#### [Work required]
In the records below, find the line containing "ঢাকার খামারিরা পাবনা" and transcribe it and every line after it exactly; leave the pictures out.

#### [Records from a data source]
════════════════

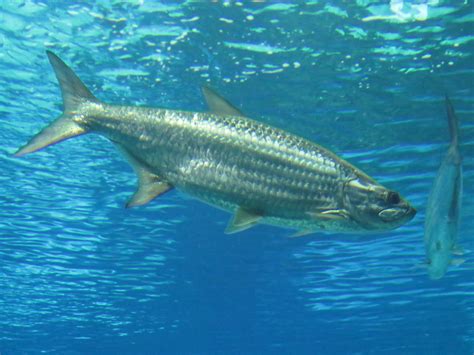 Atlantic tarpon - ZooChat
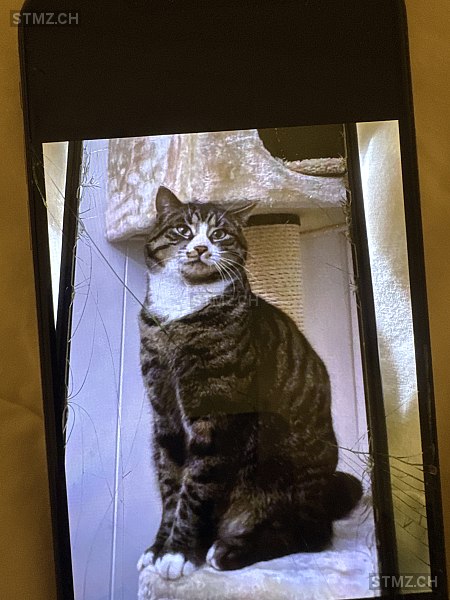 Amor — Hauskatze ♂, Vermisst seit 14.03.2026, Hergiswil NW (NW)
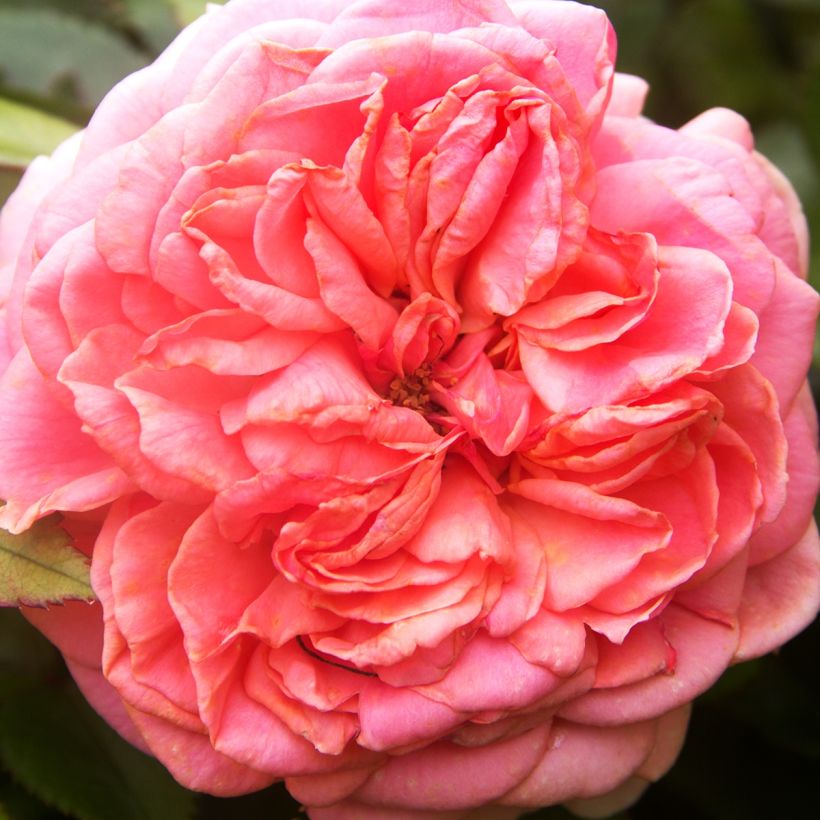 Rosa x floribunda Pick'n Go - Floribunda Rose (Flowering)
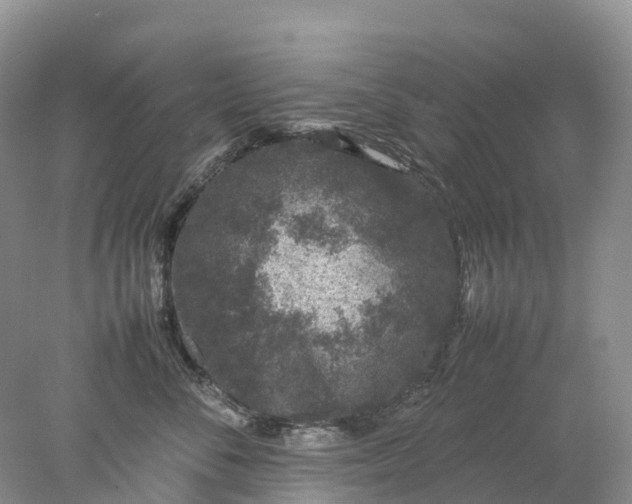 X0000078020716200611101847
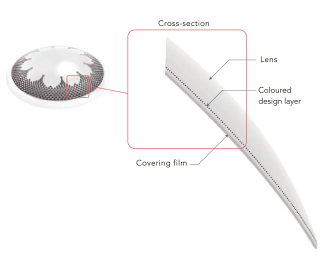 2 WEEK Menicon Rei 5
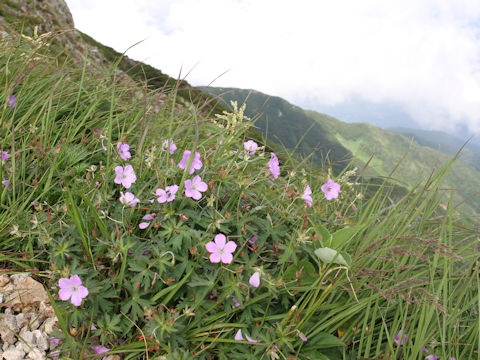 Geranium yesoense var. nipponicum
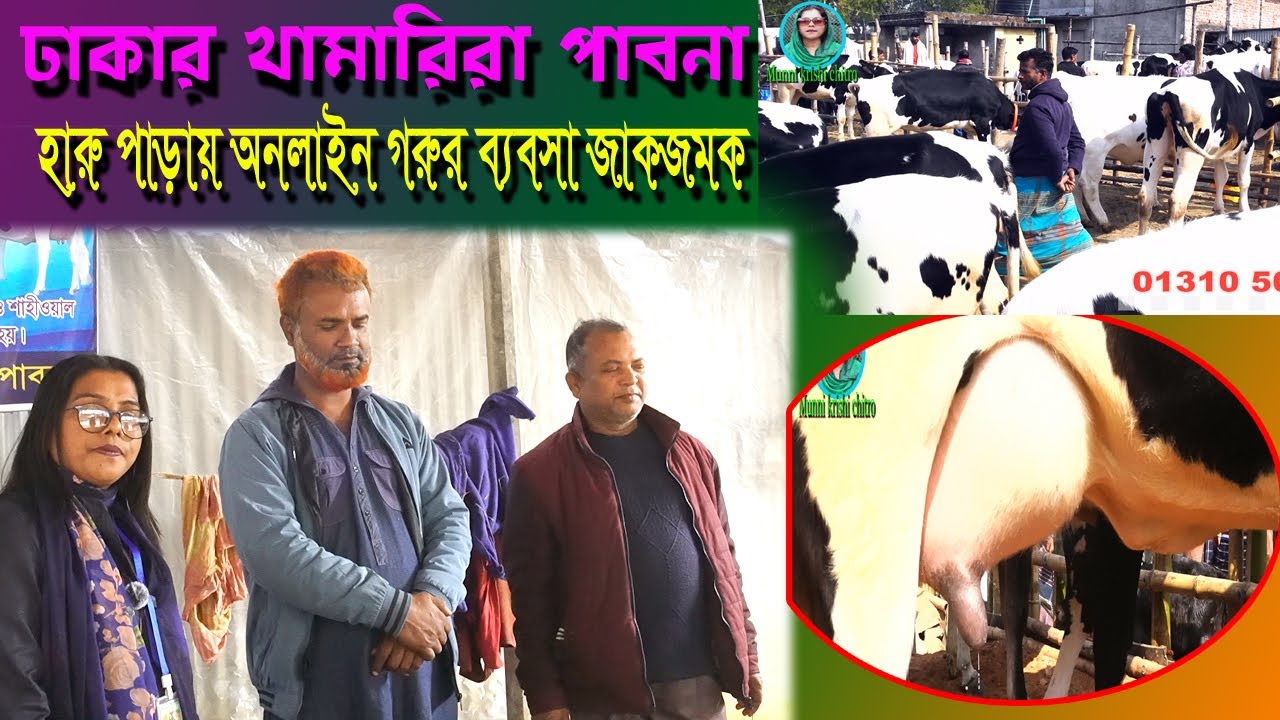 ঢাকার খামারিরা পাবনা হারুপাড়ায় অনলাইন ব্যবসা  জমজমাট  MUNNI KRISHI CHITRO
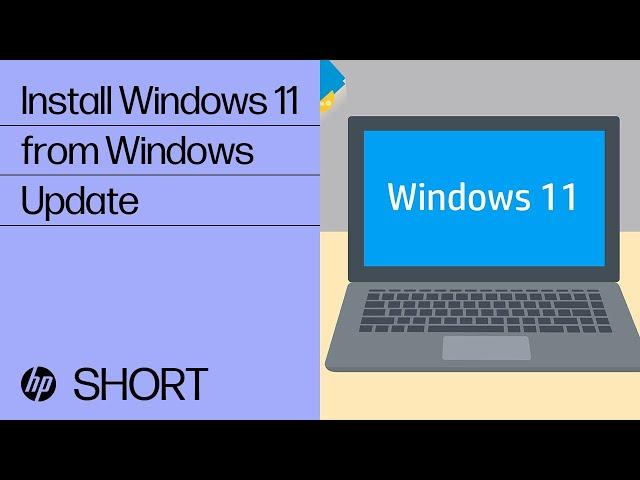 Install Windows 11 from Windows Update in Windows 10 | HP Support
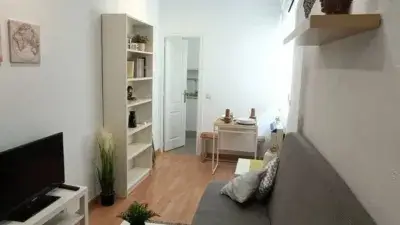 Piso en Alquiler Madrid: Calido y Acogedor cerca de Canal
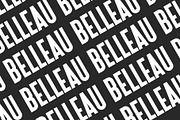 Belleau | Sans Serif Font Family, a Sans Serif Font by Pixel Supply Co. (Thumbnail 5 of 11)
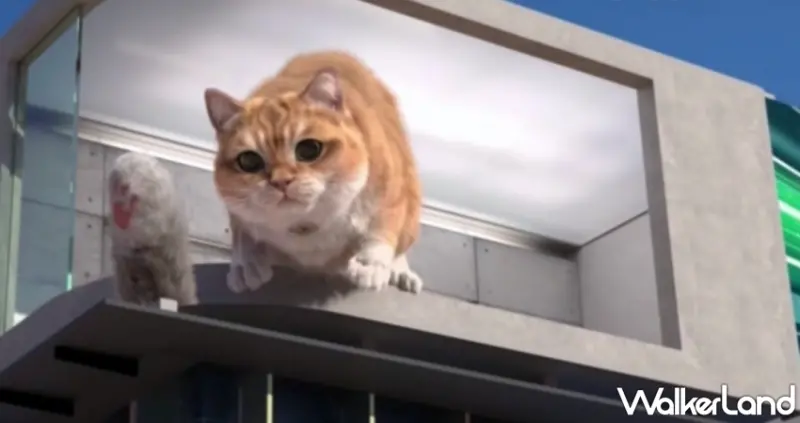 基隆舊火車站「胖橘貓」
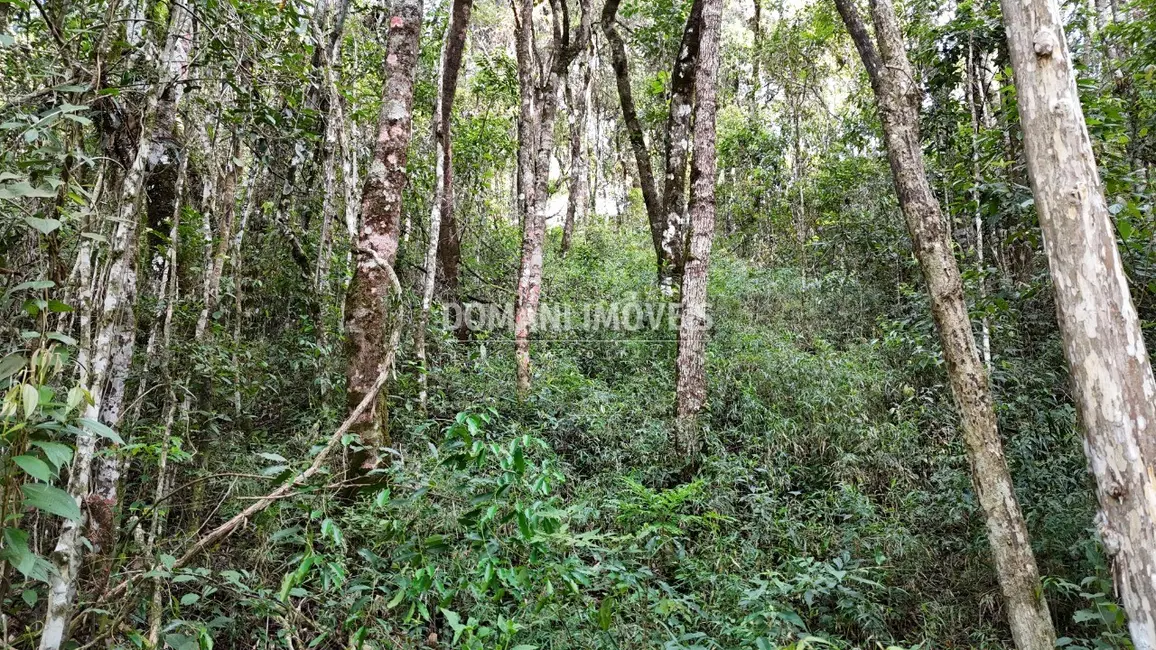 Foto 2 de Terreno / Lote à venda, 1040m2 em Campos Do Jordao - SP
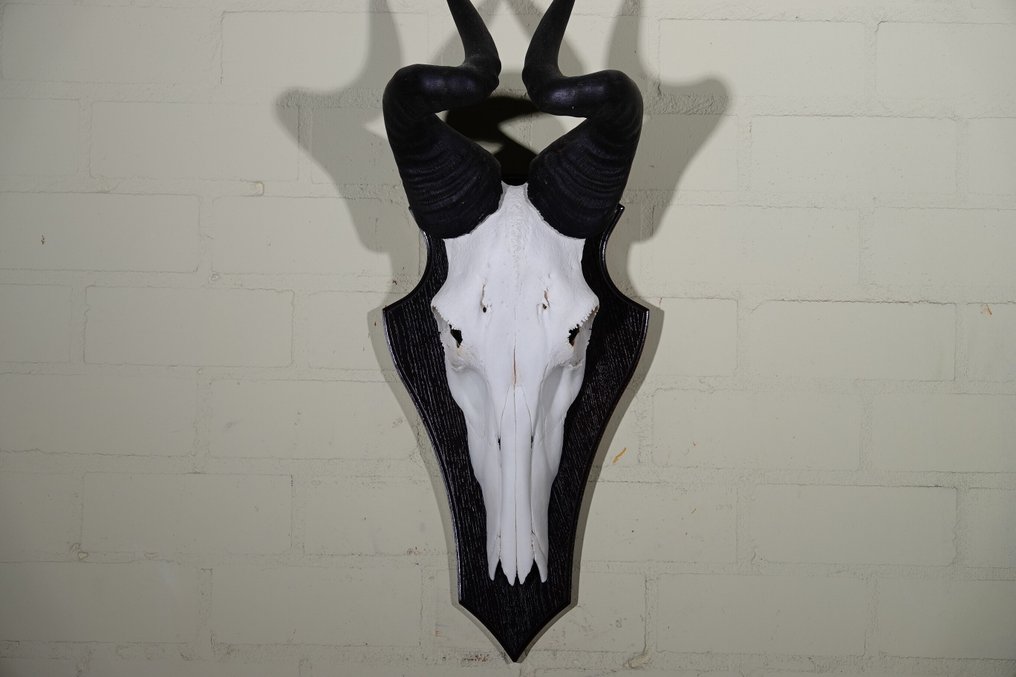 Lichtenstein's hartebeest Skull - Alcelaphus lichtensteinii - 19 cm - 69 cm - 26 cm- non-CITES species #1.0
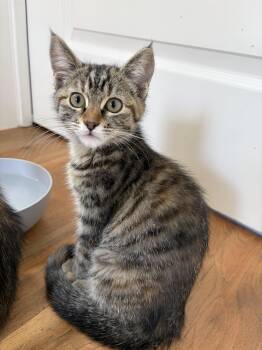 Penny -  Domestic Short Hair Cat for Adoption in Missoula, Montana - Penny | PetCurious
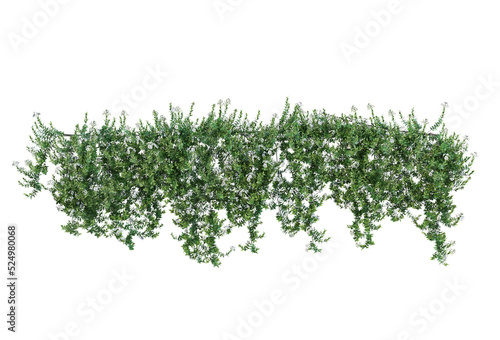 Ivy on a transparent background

════════════════

#### [Exercise answer]
 ঢাকার খামারিরা পাবনা হারুপাড়ায় অনলাইন ব্যবসা  জমজমাট  MUNNI KRISHI CHITRO
 Install Windows 11 from Windows Update in Windows 10 | HP Support
 Piso en Alquiler Madrid: Calido y Acogedor cerca de Canal
 Belleau | Sans Serif Font Family, a Sans Serif Font by Pixel Supply Co. (Thumbnail 5 of 11)
 基隆舊火車站「胖橘貓」
 Foto 2 de Terreno / Lote à venda, 1040m2 em Campos Do Jordao - SP
 Lichtenstein's hartebeest Skull - Alcelaphus lichtensteinii - 19 cm - 69 cm - 26 cm- non-CITES species #1.0
 Penny -  Domestic Short Hair Cat for Adoption in Missoula, Montana - Penny | PetCurious
 Ivy on a transparent background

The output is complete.